- Opening Delimiter -
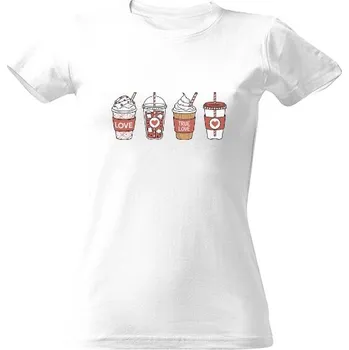 Dámské tričko Tričko s potiskem Valentýn selflove dámské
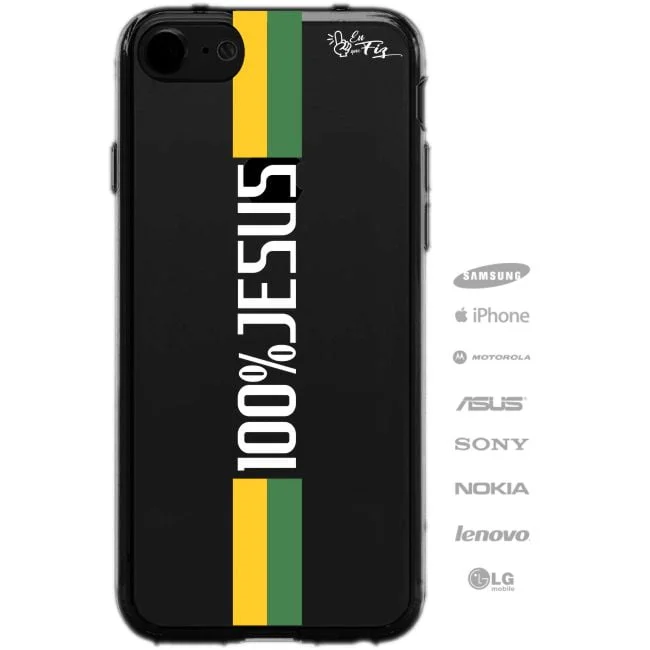 Capinha para celular 100% Jesus
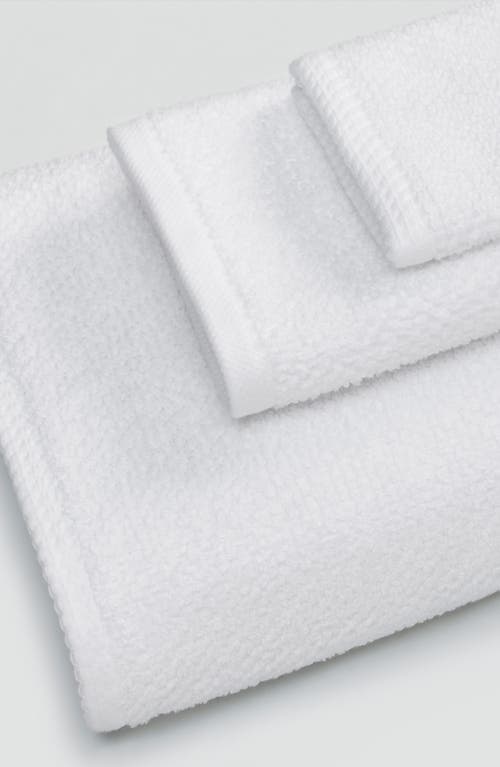 Woven & Weft Popcorn Texture 6-piece Towel Set In Optic White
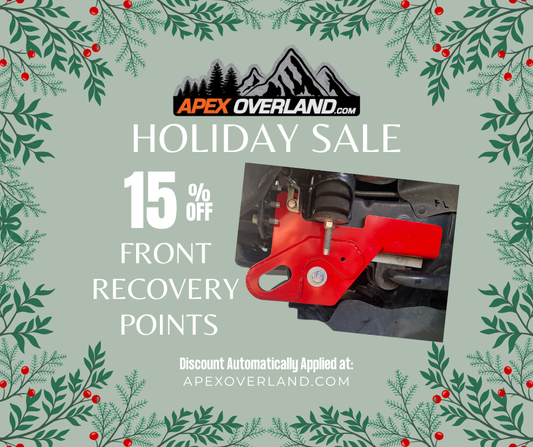 Apex Overland - Front Recovery Points - 03-24 4Runner/ FJ/GX470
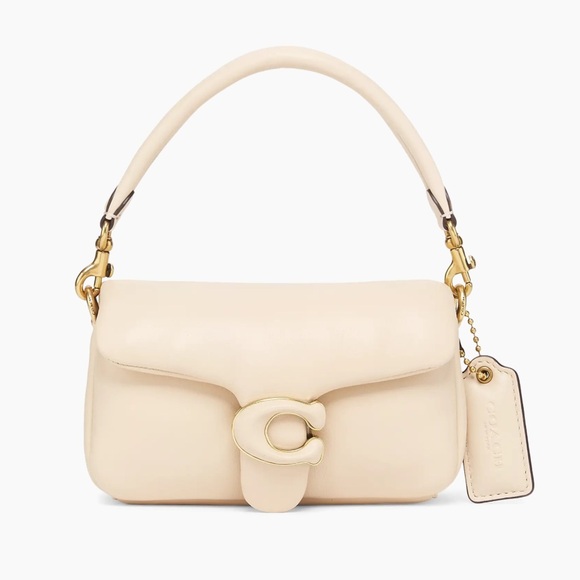 Coach Handbags - COACH Pillow Tabby Shoulder Bag 18, Cream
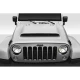 2007-2018 Jeep Wrangler JK Demon Look Hood - 1 Piece - image 1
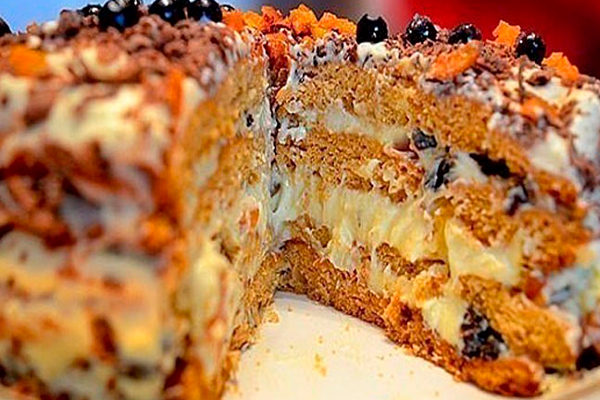 Торт «Трухлявый пень». Быстрый и вкусный тортик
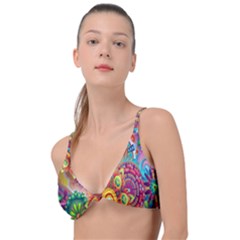 Mandalas Colorful Abstract Ornamental Knot Up Bikini Top by artworkshop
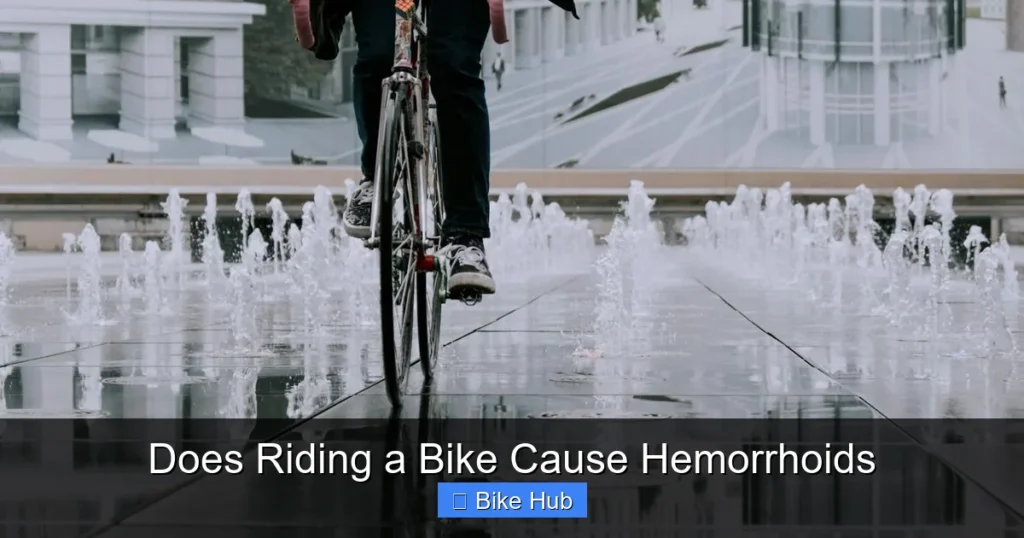 Does Riding a Bike Cause Hemorrhoids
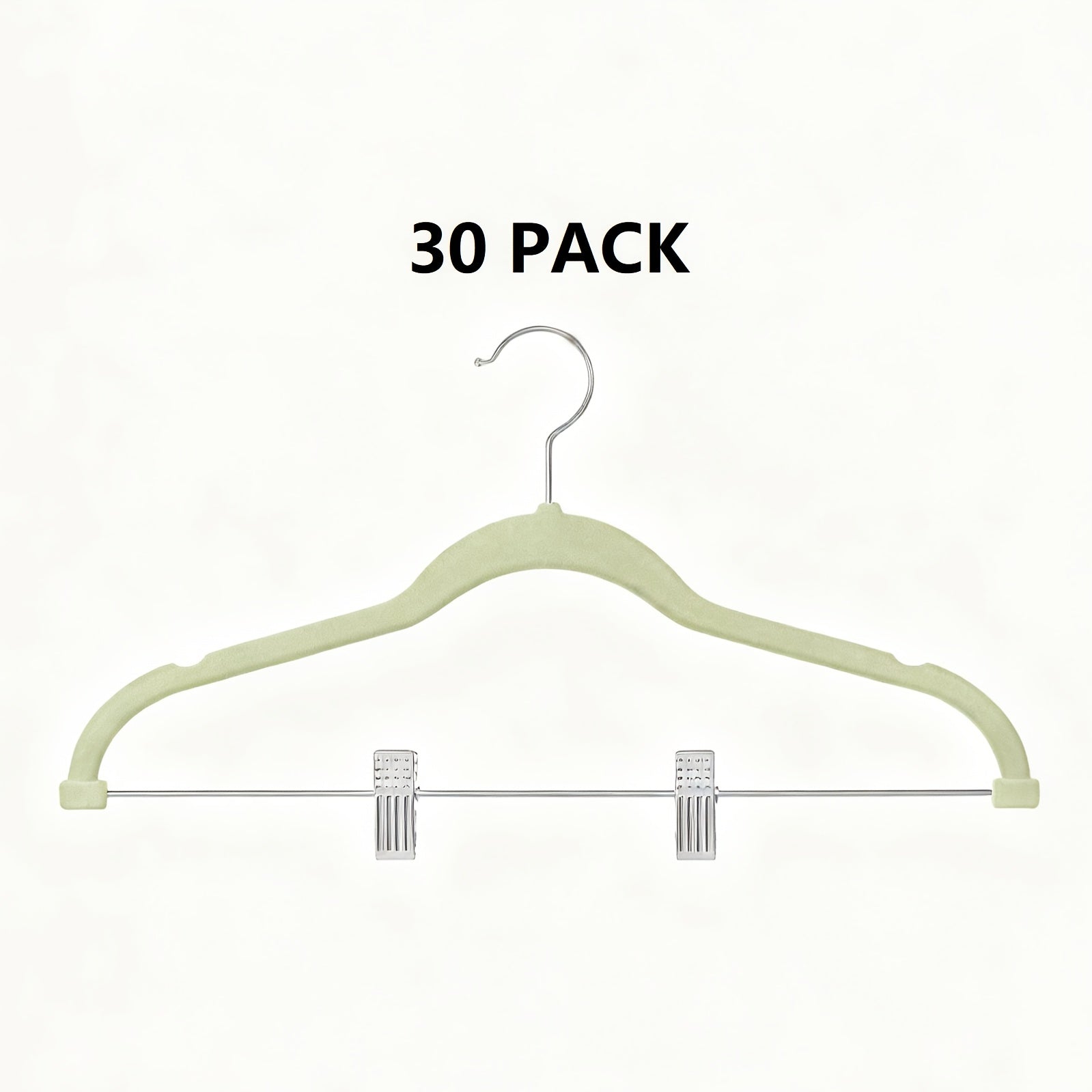 20\u002F30\u002F50pcs Velvet Hangers, Adjustable Non-Slip Pants\u002FSkirt Clips, Heavy-Duty, Hangers with Clips, Pants Hangers, Hangers for Clothes, Suitable for Pants, Skirts, Coats, Dresses - Sturdy and Durable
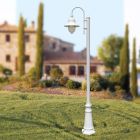 Aluminiowa lampa ogrodowa w stylu vintage Made in Italy - Cassandra Viadurini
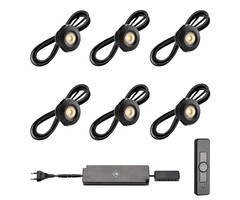 Pals ab | inbouwspot | rond zwart | warmwit | dimbaar | set van 6 stuks | OutdoorCore+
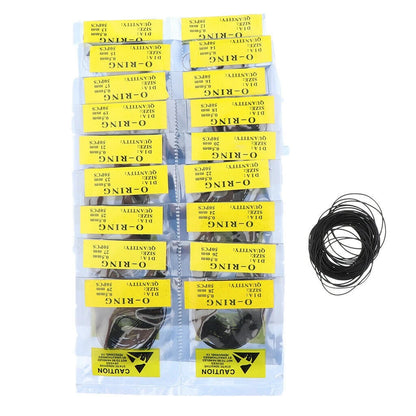 Silicone O Ring Gasket Set for Watch Back (12mm-30mm, 0.5-0.7mm)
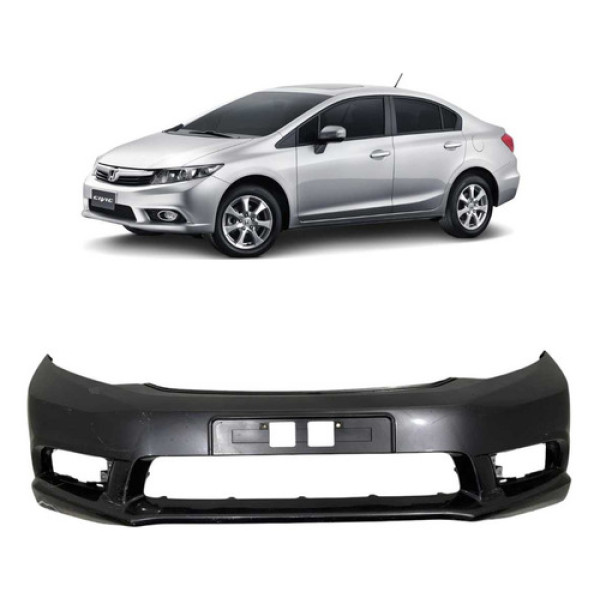 Parachoque Dianteiro Honda Civic 2012 A 2016 Usado Original - Cinza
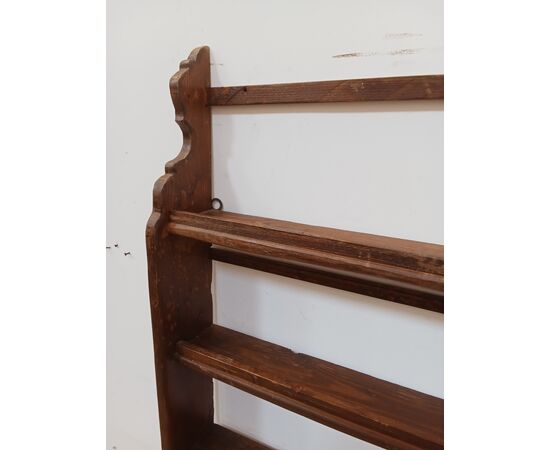Piattaia in abete - porta piatti - mensola - scaffale - primi '900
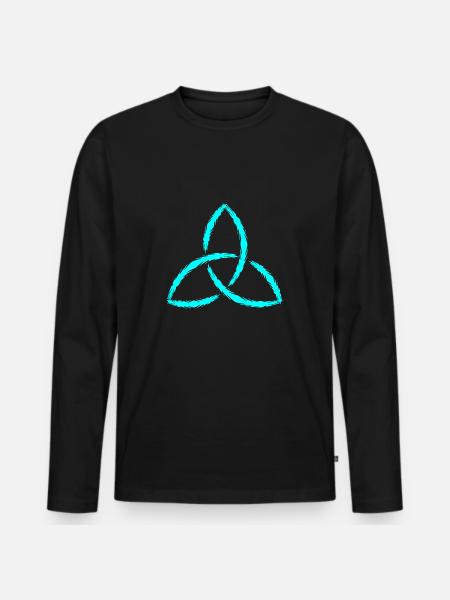 Celtic Symbol Triquetra Endless Gift - Men's Premium Organic Long Sleeve Shirt - black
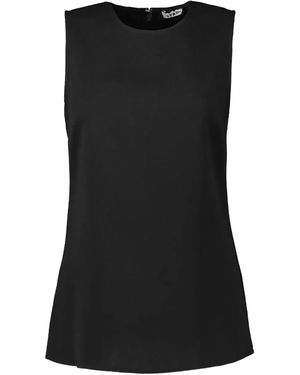 STAUD Bronte Zip-Up Top - Black
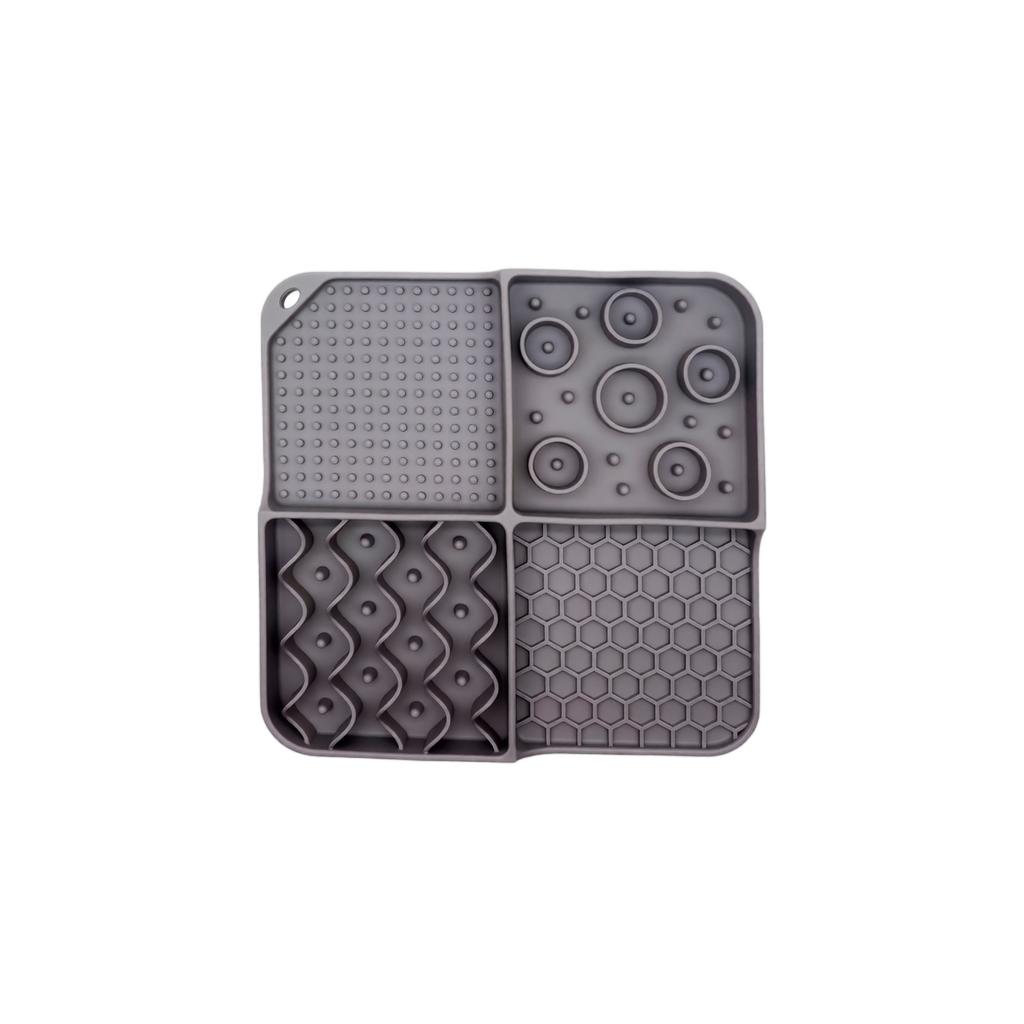 Slow Feeder Bowl for Dogs and Cats with Silicone Placemat and Lick, Non- Interactive Pet Feeding Set
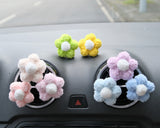 Crochet Flowers Car Vent Clip, Rainbow Daisy Car Air Freshener, Boho Car Accessory for Women, Cute Car Accessories Interior, Kwaii Car Decor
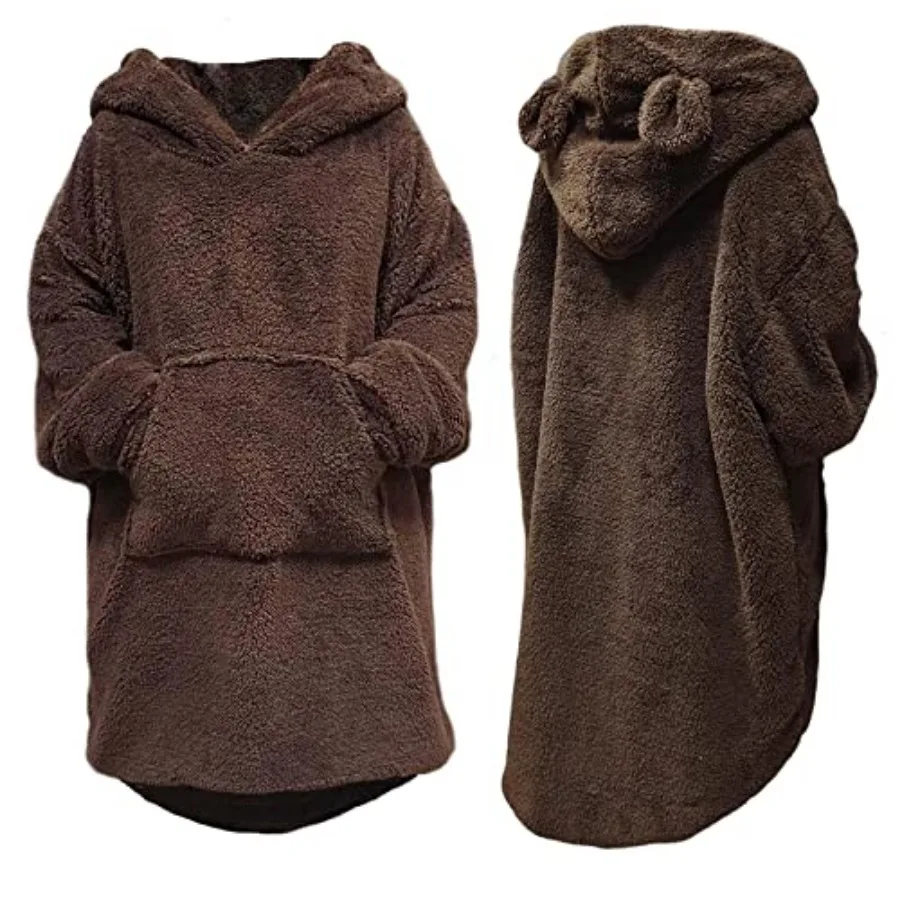 Unisex Bunny or Bear Blanket Hoodies Sweater Furry fluffy Sweatshirt Oversized Warm Fleece sherpa Blanket Hoodie
Unisex Bunny or Bear Blanket Hoodies Sweater Furry fluffy Sweatshirt Oversized Warm Fleece sherpa Blanket Hoodie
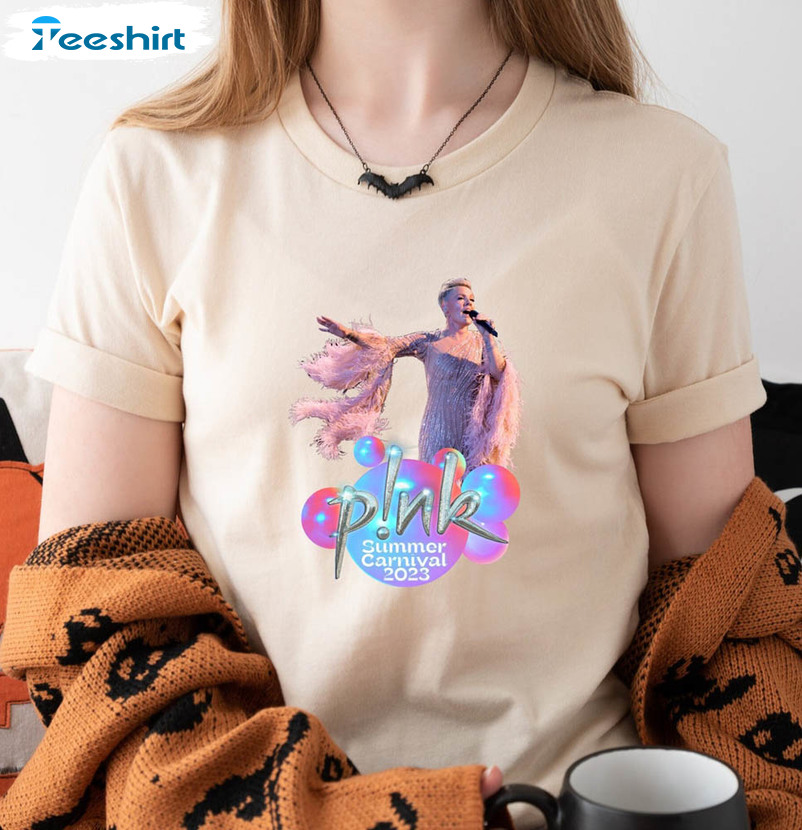 Pink Summer Carnival 2023 Shirt, Trustfall Album Short Sleeve Unisex Hoodie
- Closing Delimiter -
Task item:
Set down word for word the lines from the first entry through the line with "Does Riding a Bike Cause Hemorrhoids", both included, omitting pictures.

Result for this exercise:
 Dámské tričko Tričko s potiskem Valentýn selflove dámské
 Capinha para celular 100% Jesus
 Woven & Weft Popcorn Texture 6-piece Towel Set In Optic White
 Apex Overland - Front Recovery Points - 03-24 4Runner/ FJ/GX470
 Coach Handbags - COACH Pillow Tabby Shoulder Bag 18, Cream
 2007-2018 Jeep Wrangler JK Demon Look Hood - 1 Piece - image 1
 Торт «Трухлявый пень». Быстрый и вкусный тортик
 Mandalas Colorful Abstract Ornamental Knot Up Bikini Top by artworkshop
 Does Riding a Bike Cause Hemorrhoids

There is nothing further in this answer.